Ramananda (1400-1470)

 While Chaitanya of Bengal belonged to the philosophical school of Madhavacharya (a chief advocate of Dvaita school of vedhanta), Ramananda was of Ramanuja’s philosophical thought.
 Ramananda was born at Prayag (Allahabad) and received his higher education in Hindu religious philosophy at Banaras and joined the school of Ramanuja as a preacher.
 He visited the holy places of North India and preached Vaishnavism.
 Ramananda introduced radical changes in Vaishnavism by founding his own sect based on the doctrine of love and devotion to Rama and Sita.

                                                  

 He preached equality before God. He rejected caste system,particularly the supremacy of Brahmins as the sole custodians of Hindu religion.
 The people from the lower strata of the society became his followers.
 His twelve disciples included Ravidas, Kabir and two women. Ramananda was the first to preach his doctrine of devotion in Hindi, the vernacular language.
 It gained him a good deal of popularity among the people of all classes. His followers were divided into conservative and radical schools.

Mirabai (1498-1546)

 Mirabai was born in Kudh of Merta district of Rajasthan. She was the great grand daughter of Rana Jodhaji, founder of Jodhpur.
 She was married to Bhoj Raj, son of Rana Sanga of Mewar.
 She became a devotee of Lord Krishna, left the palace and began singing her songs (bhajans) and preaching the path of love on God.

                                             

 Mirabai preached the worship of God in the name of Krishna and stressed that no one should be deprived of His divine grace on the ground of birth, poverty, age and sex.
 Her devotional songs and lyrics constitute a rich cultural heritage.
 Her bhajans are sung with fervour to this day.
 Her teachings carried the message of divine worship to almost every Hindu household.

Sur Das

 Sur Das lived at the court of Akbar and was popularly known as the blind bard of Agra.
 Sur Das is believed to have been a disciple of Vallabacharya who was a Vaishnava preacher in the Sultanate period.
 Vallabhacharya was the founder of Pushtimarga (way of grace). Sur Das preached religion of love and devotion to a personal God.

                                                  

 He wrote inspiring and moving poems, Hindi poems about Lord Krishna. Krishna’s bal lila constitutes the first great theme of Sur Das poetry.
 According to him, love is a sublimated theme r e p r e s e n t i n g the irresistible attraction of the gopis of Brindavan towards Krishna.
 The intensity of passion displayed by the gopis is an expression of the natural attraction of the human spirit towards the divine soul.
 His popular works are Sur Sagar, Sur Saravali and Sahitya Lehari.
 His monumental work Sur Sagar or Sur’s Ocean is a story of Lord Krishna from the birth to the departure for Mathura.

Tuka Ram

 Tuka Ram was born in 1608 in a village near Poona, Maharashtra.
 He was a contemporary of Maratha Shivaji and saints like Eknath and Ramdas.
 After his early life as a trader he started spending his time singing devotional songs in praise of his favourite deity Lord Vithoba of Pandarpur.
 Tuka Ram believed in a formless God.
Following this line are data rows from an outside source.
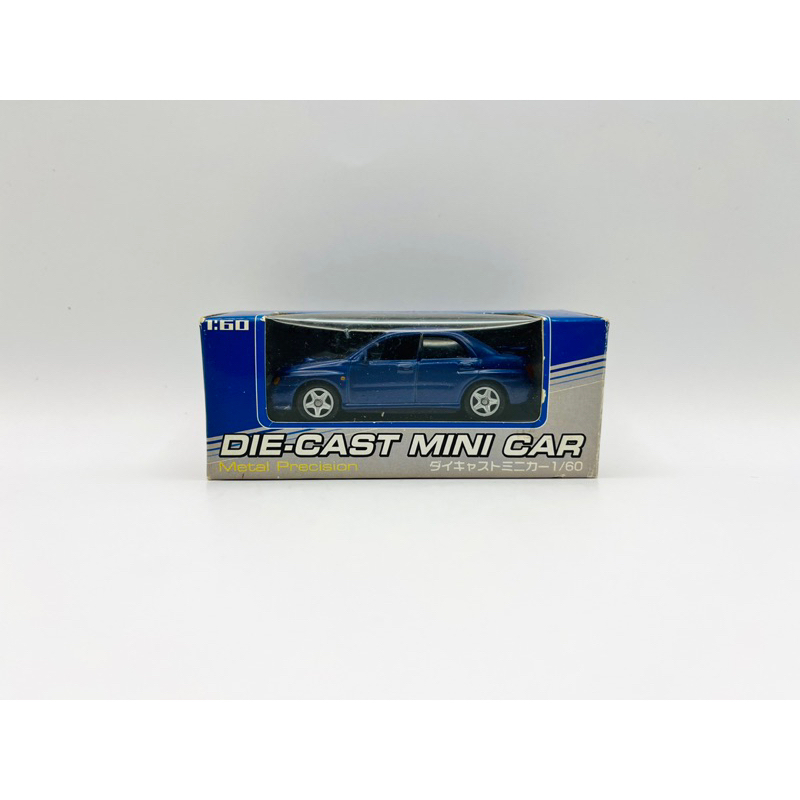 Welly 1/60 Subaru Impreza WRX STI 藍色 模型車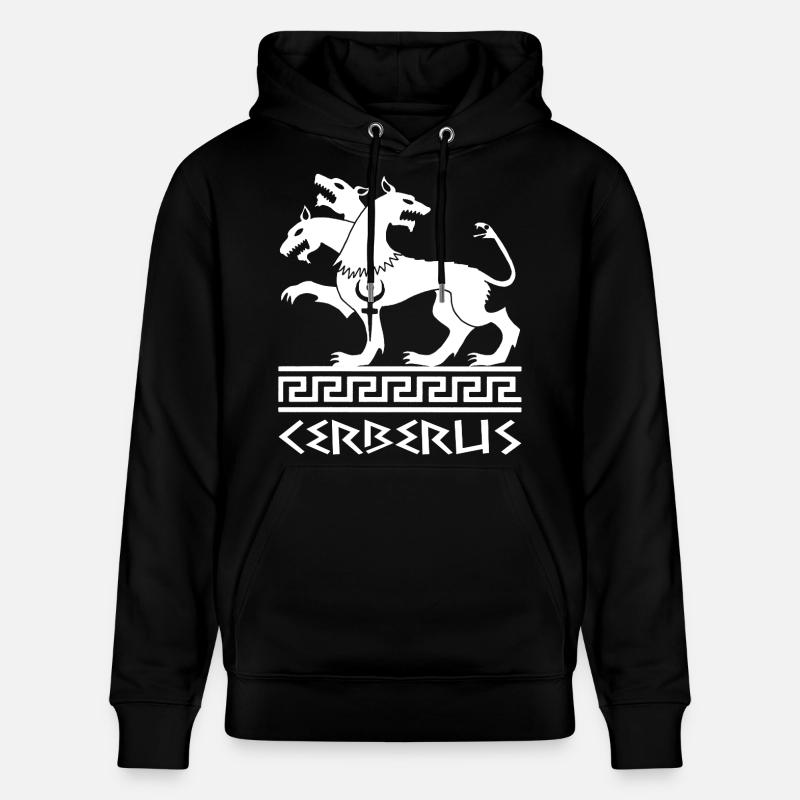 Chien Cerbère blanc - Sweat à capuche bio CRUISER Stanley/Stella Unisexe - noir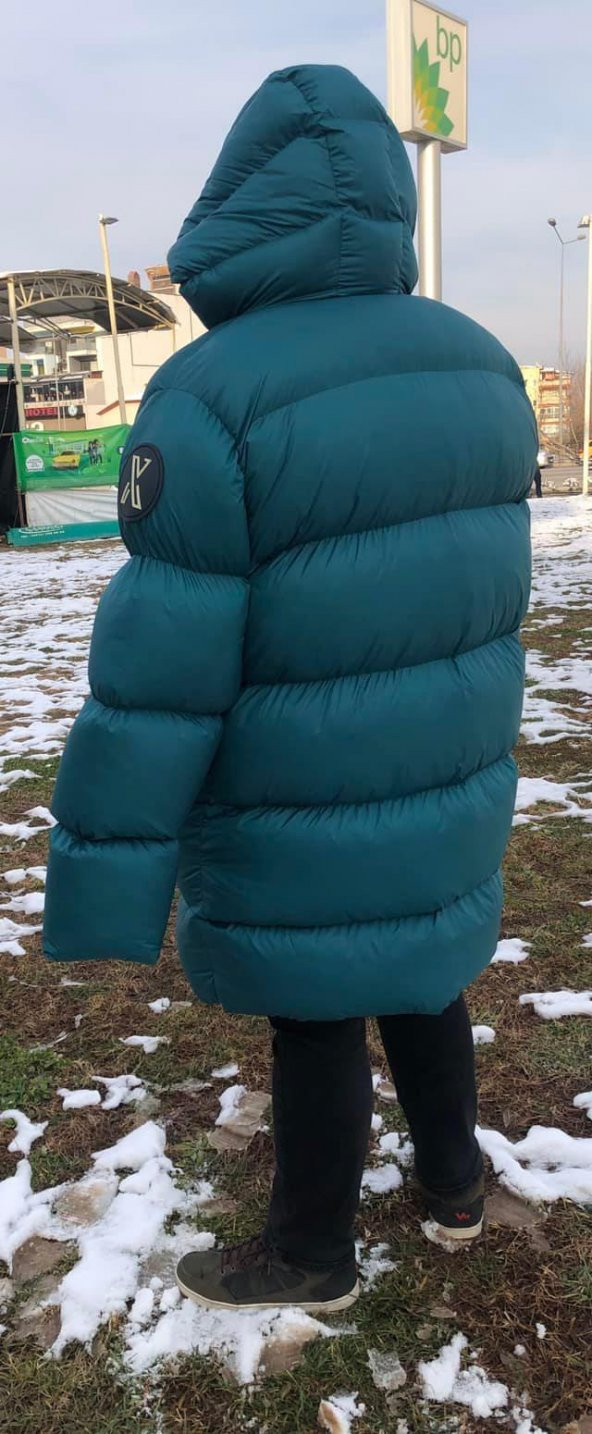 Xumu Erkek Kapüşonlu Puf Şişme Mont - Resim 5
According to him, it was not possible to enjoin spiritual joy with worldly activities.
 He stressed the all-pervasiveness of God. He rejected Vedic sacrifices, ceremonies, pilgrimages, idol worship, etc.

 He also preached the virtue of piety, forgiveness and peace of mind. He spread the message of equality and brotherhood.
 He tried to foster Hindu-Muslim Unity. Some of his verses are devoted to this theme.
 He wrote his abhabngas in Marathi

Impact of the Bhakti Movement

 Salvation which was previously considered attainable only by people of the first three orders in the social hierarchy became available to everyone.
 Bhakti movement provided women and members of the lower strata of the society an inclusive path to spiritual salvation.
 Literature on devotional songs in regional languages became profuse.
 The poet saints of this movement championed a wide range of philosophical positions, ranging from theistic dualism of Dvaita to absolute monism of Advaita.
 Much of the regional practices such as community singing, chanting together of deity names, conducting festivals, going on pilgrimages, performing rituals relating to Saivism, and Vaishnavism have survived to this day.